Especially in generated code (macros as well as more elaborate external mechanisms, templates where Policies or types may introduce meaningless expansions in some no-op cases), having less special uncompilable cases to avoid keeps things simpler
There may be some temporarily commented code that removes the meaningful usage of a variable, but it could be a pain to have to similarly identify and comment all the variables that aren't used elsewhere.
While in your examples you show the variables being "int" immediately above the pointless usage, in practice the types may be much more complicated (e.g. operator<()) and whether the operations have side effects may even be unknown to the compiler (e.g. out-of-line functions), so any benefit's limited to simpler cases.
C++ needs a good reason to break backwards (and retained C) compatibility.
Why should doing nothing be treated as a special case? Furthermore, whilst the above cases are easy to spot, one could imagine far more complicated programs where it's not so easy to identify that there are no side effects.
As an iteration of the C++ standard, C++0x have to be backward compatible. Nobody can assert that the statements you wrote does not exist in some piece of critical software written/owned by, say, NASA or DoD.
Anyway regarding your very first example, the parser cannot assert that i is a static constant expression, and that i < i > i is a useless expression -- e.g. if i is a templated type, i < i > i is an "invalid variable declaration", not a "useless computation", and still not a parse error.
Maybe the operator was overloaded to have side effects like cout<<i; This is the reason why they cannot be removed now.
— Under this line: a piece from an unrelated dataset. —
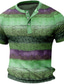 voordelige henley overhemden voor heren-Voor heren Wafel Henley-shirt Raglan-T-shirt Grafisch Kleurenblok Gestreept Henley Kleding 3D-afdrukken Buiten Dagelijks Korte mouw nappi Modieus Ontwerper Casual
On the other hand C# forbids non-assignment or method calls expresions to be used as statements and I believe this is a good thing as it makes the code more clear and semantically correct. However C# had the opportunity to forbid this from the very beginning which C++ does not.
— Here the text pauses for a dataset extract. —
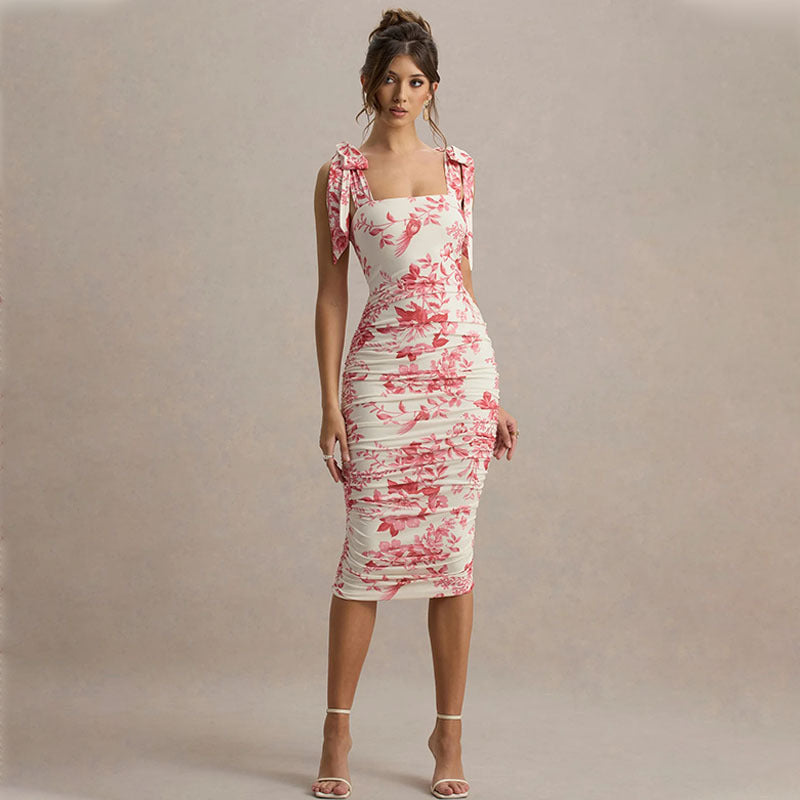 Tie Shoulder Floral Bodycon Dress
Expressions with no side effects can turn up more often than you think in templated and macro code. If you've ever declared std::vector<int>, you've instantiated template code with no side effects. std::vector must destruct all its elements when releasing itself, in case you stored a class for type T. This requires, at some point, a statement similar to ptr->~T(); to invoke the destructor. int has no destructor though, so the call has no side effects and will be removed entirely by the optimizer. It's also likely it will be inside a loop, then the entire loop has no side effects, so the entire loop is removed by the optimizer.
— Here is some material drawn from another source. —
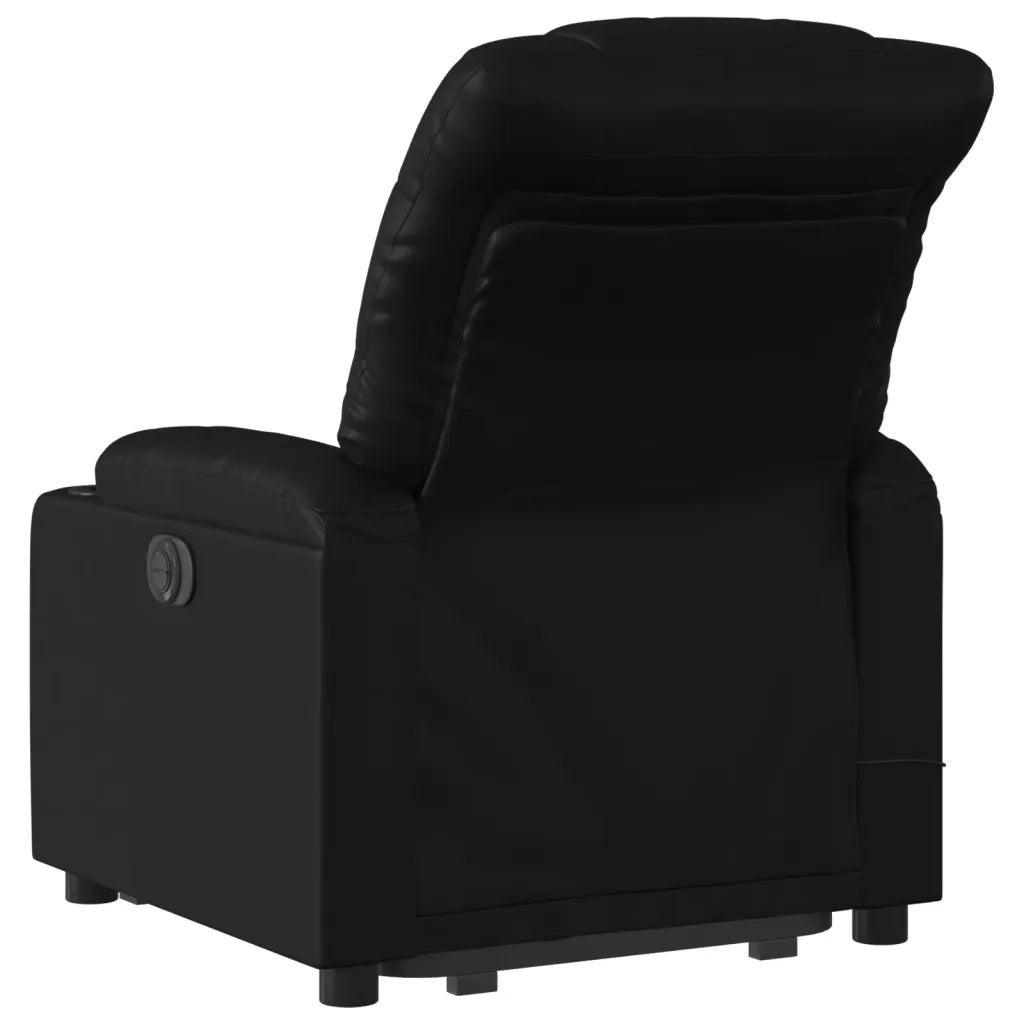 Poltrona | Sedia Relax Alzapersona Reclinabile Massaggio Nero Similpelle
So if you disallowed expressions with no side effects, std::vector<int> wouldn't work, for one.
Another common case is assert(a == b). In release builds you want these asserts to disappear - but you can't re-define them as an empty macro, otherwise statements like if (x) assert(a == b); suddenly put the next statement in to the if statement - a disaster! In this case assert(x) can be redefined as ((void)0), which is a statement that has no side effects. Now the if statement works correctly in release builds too - it just does nothing.
These are just two common cases. There are many more you probably don't know about. So, while expressions with no side effects seem redundant, they're actually functionally important. An optimizer will remove them entirely so there's no performance impact, too.